Tak ada yang berani berkomentar lagi setelah itu.
Mereka fokus pada tugas masing-masing, memastikan bahwa semua berjalan sebagaimana mestinya.
Sesaat kemudian, Ben menekan tombol darurat, membuat yang lain datang ke kabinnya. "Apa yang terjadi?" tanya Vincent.
"Lihat, ada yang mendekat ke arah mereka." Vincent menunjukkan titik merah yang melaju ke arah titik hijau--titik di mana Nick dan Julia berada.
"Apa itu?" Ben mengerutkan dahi, kemudian menekan tombol zoom, menampilkan sebuah robot asing berwarna putih. "Tidak mungkin, siapa mereka?"
"Coba kau lihat dari arah jam sembilan," suruh Charles.
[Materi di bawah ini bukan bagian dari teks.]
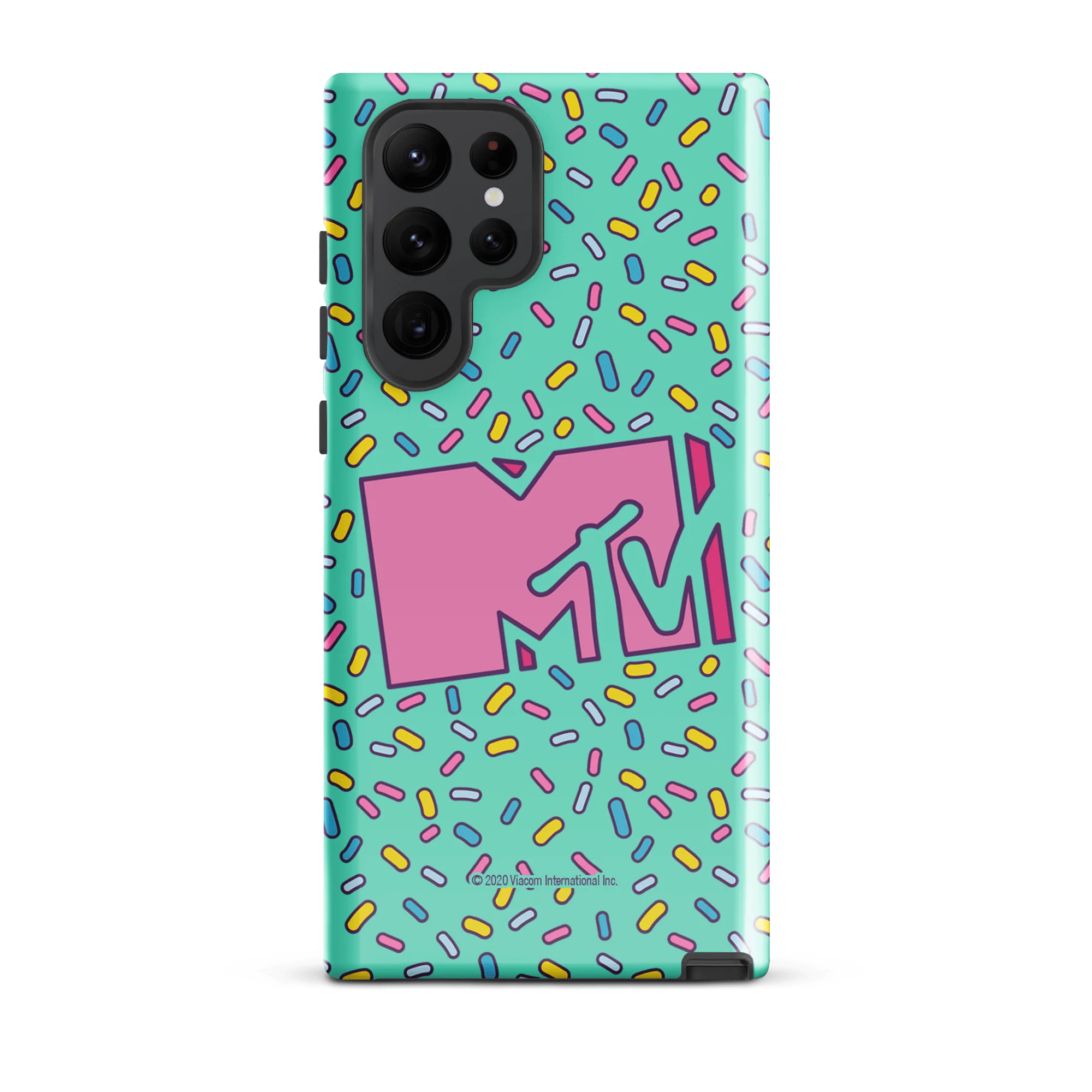 MTV Gear Sprinkles Logo Tough Phone Case - Samsung - Image 31
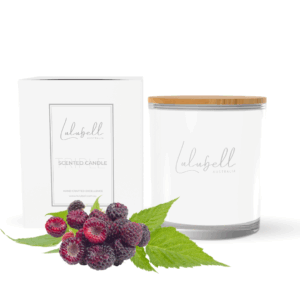 Black Raspberry Candle | Bare Collection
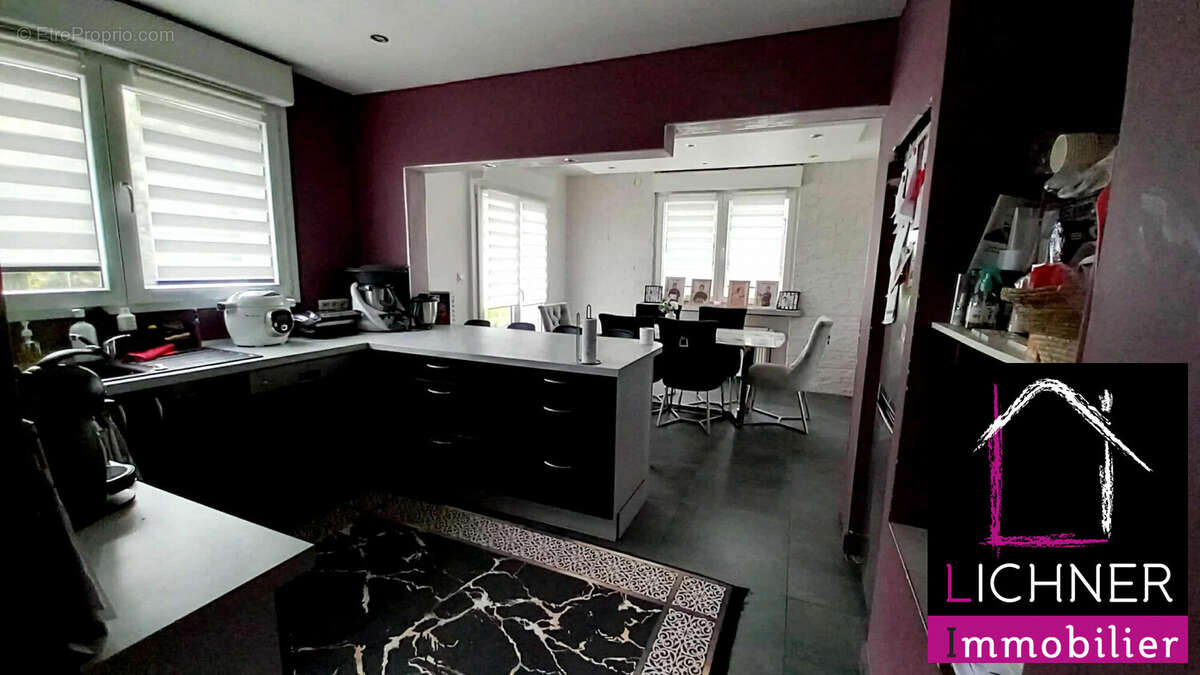 Maison à CREUTZWALD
Ben melakukan perintah itu dan terlihatlah bendera China di sisi kanan robot tersebut. "Apa yang akan mereka lakukan?"
"Hubungi Julia," lagi, Charles hanya bisa memerintah.
Eugene bertindak. Ia menyalakan alat komunikasi di telinganya dan berusaha menghubungkannya dengan Julia. "Sistem terganggu," kata Eugene, sadar kalau Julia tak juga menyahut sambungannya.
"Bagaimana bisa?" Charles mulai gusar.
"Sepertinya robot itu menghalangi sinyal kita. Apa yang harus kita lakukan selanjutnya?" Vincent merasa kalau ini semakin tidak beres.
Charles tampak berpikir sejenak, menimbang apakah menyusul Nick dan Julia adalah keputusan yang tepat atau tidak.
"Maaf, Capt, angin semakin mendekat. Kita harus selamatkan mereka," ujar Ben panik. "Oh, sialan, markas dikepung, Capt!" lanjutnya setengah mengejang.
...*...
...WAR...
...Sol 68...
...Korolev, Mars...
.........
Tidak ada yang menduga kalau peperangan itu akan terjadi di antariksa, tepatnya di dekat Kawah Korolev, Mars.
Ini adalah bencana bagi Amerika Serikat, sekaligus China. Dua negara itu kehilangan seluruh Astronotnya.
Tidak ada yang tahu apa yang sudah terjadi di sana. Yang jelas, mereka tidak kembali lagi ke Bumi setelah peristiwa pengepungan itu.
Misi gagal.
Baik NASA maupun CNSA (China National Space Administration) sama-sama merasa berduka atas peristiwa tersebut dan memutuskan untuk memberi jeda pada misi mereka selanjutnya.
Pemerintah Amerika Serikat mengibarkan bendera perang. Mereka menyiapkan pasukan militernya untuk menyerang China, baik dari darat, laut atau pun udara. Presiden Amerika Serikat juga mengumpulkan banyak sekutu untuk menghancurkan negara itu.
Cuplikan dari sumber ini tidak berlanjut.